At the British High Commission in Lagos, I was struck by the Nigerian guards in the deep olive uniforms and hats, how full of an inflated sense of their own self-importance they were. They do not walk, they trot, literally, dramatically. They stick out their chests. They bark at fellow Nigerians. And they never answer any questions directly, instead a superior smart-alecky attitude is the norm.
Oga - is this line for visa renewal?
Which other line to you see?
There are four different lines here. I want to know which one is for renewal.
Did they write it on my head? Go and ask that oga there. In short, wait here first. In short, come back. In short
And what this attitude seems to say, to me, is 'We have been employed by oyinbo, we are validated, we are better than you non-oyinbo-attached Nigerians.'
It was the same thing at the British Council in Lagos. To support the Caine Prize, the British Council sponsored my trip to London for the events. But I had to go through a Nigerian employee in Lagos who made it a point to rub in, in the most supercilious way, the fact that she was employed by oyinbo. She dragged her feet, did not return my calls, made me know she was Important and In Charge.
And when I told people about this persons attitude, the first thing they would ask was - was this person
a Nigerian? And when I said yes, they would nod and say of course, what else did you expect? (It is a sad fact that the British woman I talked to was cordial and professional. It is a sadder fact that this rude Nigerian employee at the British Council was very polite when I heard her talking to an oyinbo.)
My mother says often that some things are ife ojoo na-ato amu, - sad things that are funny. And I think this is one of such things. It was funny watching those guards at the High Commission faking British accents when they spoke to their superiors, it was funny watching the British Council employer wielding her ephemeral power. But it is also really sad.
Achebe writes about the female Nigerian writer who happily talked about her book no longer being put in the African section, and how Nigerian writers in Nigeria wrote very badly but once they moved to England, they wrote better (read - talent is not in a person, but in a place) Another funny and sad thing.

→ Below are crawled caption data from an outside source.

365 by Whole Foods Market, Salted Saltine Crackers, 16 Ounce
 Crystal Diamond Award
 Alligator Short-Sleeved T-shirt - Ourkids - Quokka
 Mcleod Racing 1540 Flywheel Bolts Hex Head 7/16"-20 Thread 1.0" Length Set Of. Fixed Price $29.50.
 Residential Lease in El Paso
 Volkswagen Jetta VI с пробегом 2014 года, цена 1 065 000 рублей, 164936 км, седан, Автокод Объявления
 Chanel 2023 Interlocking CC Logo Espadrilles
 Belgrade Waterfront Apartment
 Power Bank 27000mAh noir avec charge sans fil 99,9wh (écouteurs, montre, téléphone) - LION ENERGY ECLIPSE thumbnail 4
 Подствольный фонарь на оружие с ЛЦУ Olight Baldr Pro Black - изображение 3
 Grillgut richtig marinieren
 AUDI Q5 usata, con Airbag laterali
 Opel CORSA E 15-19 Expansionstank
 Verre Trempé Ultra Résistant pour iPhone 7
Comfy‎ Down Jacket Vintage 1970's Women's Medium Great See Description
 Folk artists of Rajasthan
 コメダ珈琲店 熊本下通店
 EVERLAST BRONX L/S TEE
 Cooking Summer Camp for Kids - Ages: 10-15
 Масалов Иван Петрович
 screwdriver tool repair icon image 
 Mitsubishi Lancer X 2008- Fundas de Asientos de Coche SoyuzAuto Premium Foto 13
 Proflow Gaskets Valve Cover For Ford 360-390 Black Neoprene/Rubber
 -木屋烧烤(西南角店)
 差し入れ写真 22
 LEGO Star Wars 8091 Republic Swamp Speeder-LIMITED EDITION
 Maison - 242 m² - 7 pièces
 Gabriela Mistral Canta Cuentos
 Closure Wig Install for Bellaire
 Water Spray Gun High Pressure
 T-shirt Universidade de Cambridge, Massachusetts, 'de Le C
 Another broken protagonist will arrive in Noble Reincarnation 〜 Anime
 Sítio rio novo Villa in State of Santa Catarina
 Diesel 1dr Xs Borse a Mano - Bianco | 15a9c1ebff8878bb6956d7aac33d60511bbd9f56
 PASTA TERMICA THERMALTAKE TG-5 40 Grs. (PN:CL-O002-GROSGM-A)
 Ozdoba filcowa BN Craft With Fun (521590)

Or the Nigerian woman who I met in Lagos and who was offended when I spoke Igbo to her five-year-old daughter. No, she said, no, she goes to the British School, I take her to London, she doesnt speak Igbo.
I could go on.
A friend of mine thinks that we Nigerians, we who Achebe would call the dispossessed, need a massive re-brainwashing. Brainwashing is a scary word but my friend argues that since we have come to believe we are inferior through an insidious and often times subtle process of brainwashing, then we need to be re-educated. We need to be re-taught that there is dignity in being who we are.
I dont know. Re-education sounds great, I agree in theory, but I wonder how realistic it is. And I worry.